==== Dataset extract

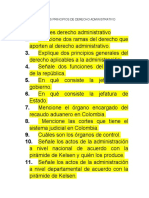 Preguntas Principios de Derecho Administrativo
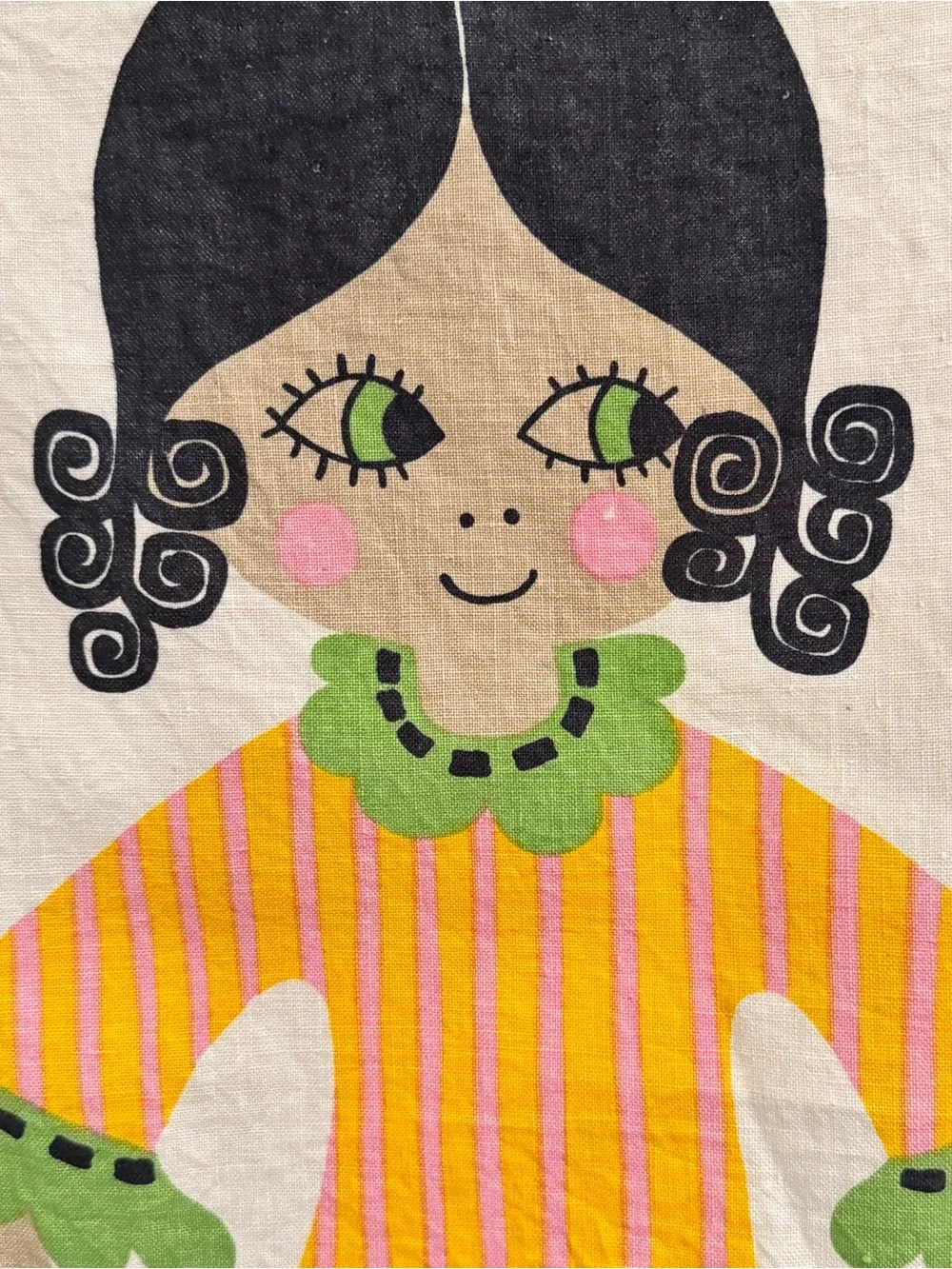Vintage 1970s KREIER Switzerland Signed Linen Mod Girl Wall Hanging/Tea Towel
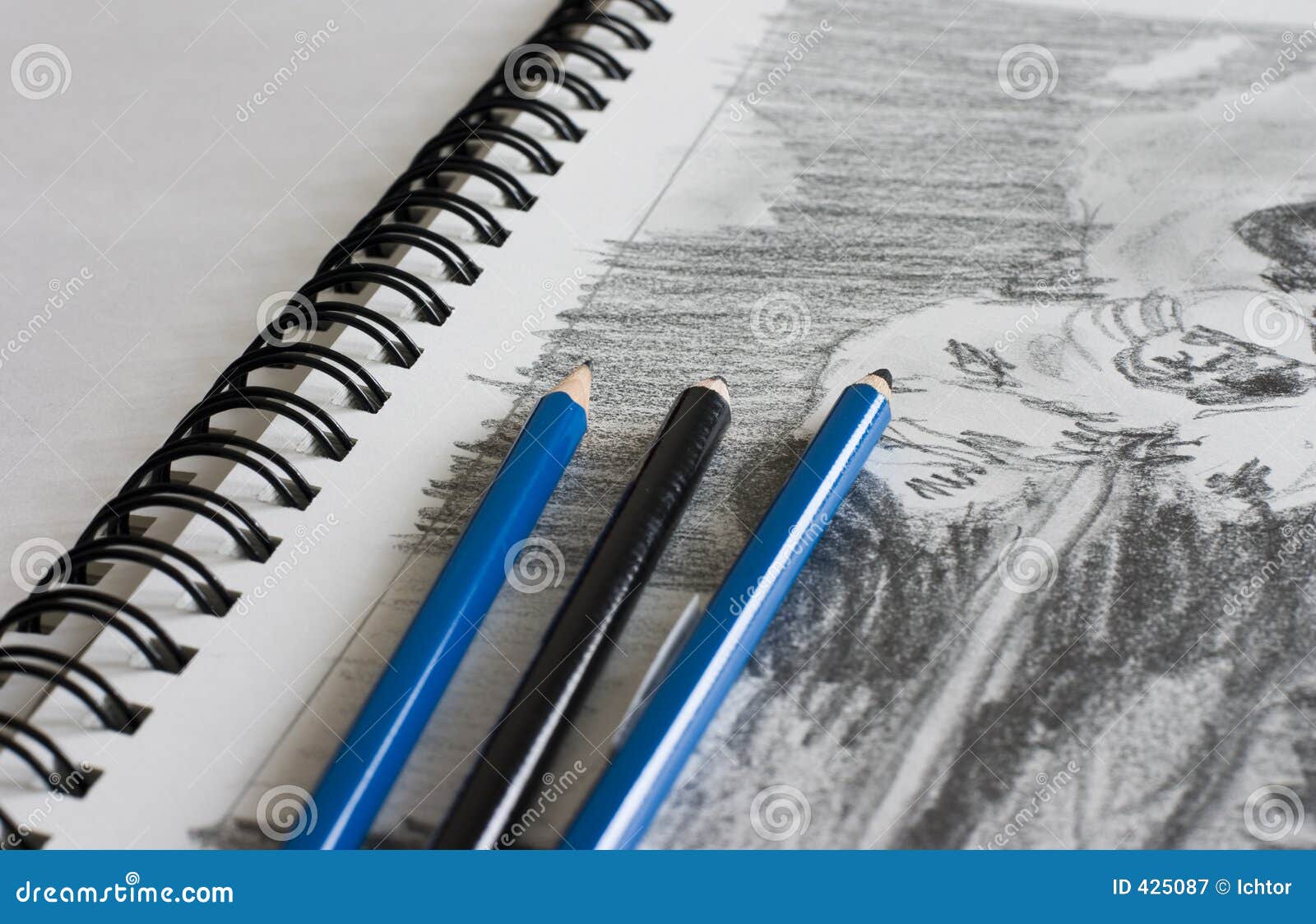Sketchbook with Sketch and Pen Stock Image Image of graphic, blue 425087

========

Try it
Nothing but an exact copy of the data, without its images, should make up your answer.

Solution to this exercise
 Preguntas Principios de Derecho Administrativo
Vintage 1970s KREIER Switzerland Signed Linen Mod Girl Wall Hanging/Tea Towel
Sketchbook with Sketch and Pen Stock Image Image of graphic, blue 425087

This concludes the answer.